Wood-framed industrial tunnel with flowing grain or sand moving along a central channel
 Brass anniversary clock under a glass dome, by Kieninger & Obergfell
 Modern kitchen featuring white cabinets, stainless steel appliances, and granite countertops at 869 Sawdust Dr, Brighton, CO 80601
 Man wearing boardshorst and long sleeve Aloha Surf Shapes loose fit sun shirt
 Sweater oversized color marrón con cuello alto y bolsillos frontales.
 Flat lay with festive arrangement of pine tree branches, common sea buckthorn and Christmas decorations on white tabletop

------------

Task to carry out:
Give the complete listing a second time, exactly as it reads.

Solution:
Wood-framed industrial tunnel with flowing grain or sand moving along a central channel
 Brass anniversary clock under a glass dome, by Kieninger & Obergfell
 Modern kitchen featuring white cabinets, stainless steel appliances, and granite countertops at 869 Sawdust Dr, Brighton, CO 80601
 Man wearing boardshorst and long sleeve Aloha Surf Shapes loose fit sun shirt
 Sweater oversized color marrón con cuello alto y bolsillos frontales.
 Flat lay with festive arrangement of pine tree branches, common sea buckthorn and Christmas decorations on white tabletop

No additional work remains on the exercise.